We spent last night in a campsite on the edge of the Roaches, near Leek. The Roaches, dramatic rock formations, cover quite an area. Once upon a time some of the fell runners from our athletics club were on a training run in the area and were stunned to see some wallabies hopping along. Their astonishment was not just because the marsupials were much faster than the runners, and clearly capable of winning any fell race they entered. The lads had never heard that the critters existed here. But they have been around for many a long year. I remember that in the terrible winter of 1962/3 the wallabies were expected to die out, but they survived and thrived.
Gay drove me back to Stone this morning, where I picked up the baton I had dropped there on Monday. I pressed on up the Trent and Mersey Canal.
After a few kms I came to Barlaston, where I paused to take a photograph of the Plume of Feathers pub. This is probably the only pub in the world which I, not being a drinker, can be said to have frequented for a while. At a particularly turbulent period of my life, in about 1970, I was in this pub a few times. One of the regulars was a young man, clearly highly strung and excitable, who was known to other regulars, for obvious reasons, as “Loony Bassett”. He was always involved in arguments with them, and of course they would deliberately wind him up. Unfortunately, his looniness had very bad consequences for a French couple.
I had heard Loony say that he used an air rifle to shoot birds from his bedroom window. I also heard him announce that, if he were to kill somebody, he would use a gun, to make sure of the job. Not long after this, I was in the car one night when a news bulletin announced that a young French couple had been killed where they were camping in Delamere Forest, near Chester. A description of the suspect followed – it was clearly Loony Bassett.
The full story emerged the next day. Loony had taken a day trip to Rhyl or one of the resort towns on the North Wales coast. At a fun-fair, he had heard the French couple laughing. Being of the paranoid persuasion, he thought they were laughing at him, although they had probably not given him a glance or a thought. He stole a rifle from a shooting gallery, then followed them all the way back to their campsite, many miles away. I put it to the jury, your honour, that this shows evidence of premeditation. After slaughtering them, he went home, or thereabouts, drove to Barlaston Downs, a secluded local beauty spot, and gassed himself, using a tube attached to his exhaust pipe. Presumably the tube was not just lying around, so it seems he had given some forethought to that, as well.

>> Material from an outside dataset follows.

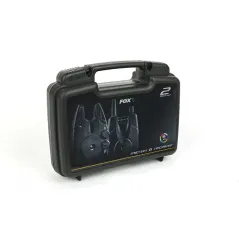 Set 2 Avertizori + Statie FOX Micron MX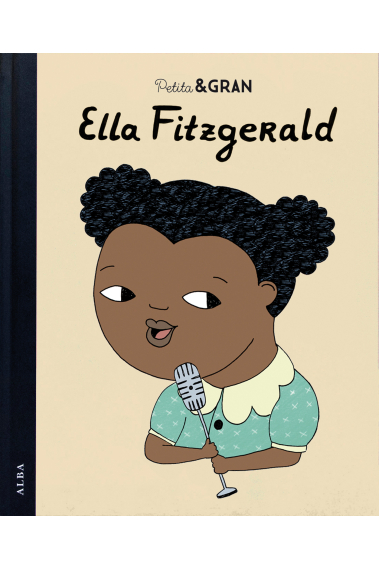 Petita & Gran Ella Fitzgerald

When I was taking a photograph of Loony’s pub, I explained to an old man at a house a couple of doors away, why I was doing so. I told him the story of Loony Bassett. Amazingly, although this man, older than me, had lived in the are for all or most of his life, he did not know the story. So poor old Loony does not even get lasting fame out of his murderous exploits.
I pressed on. My walk today was only 16.5 kms, total so far 1656.5 kms. We are parked at the premises of Towtal, in Heron Cross, Stoke on Trent. Towtal are part of an organisation called Motorhome Stopovers. This consists mainly of pubs which welcome campervans overnight on their carparks, in the hope that people will emerge from the campervans and consume food or beverage on their premises. Towtal mend campervans, they make trailers to carry little cars behind campervans, and they sell secondhand campervans. I am not clear what trade they would expect to get as a result of one sleeping on their premises. Maybe just the possibility that you could use one of their other services. And maybe it works. We are here because it is ideally situated on my walk and there seems to be not a campsite nearby. We are certainly pleased with them already. As a result of a sudden gust of wind and our ignorance, the awning on the side of V-Force One has not been in a working condition since early in the trip. Thanks to a quick bit of wizardry by the head of the workshops, it is now in full useable order.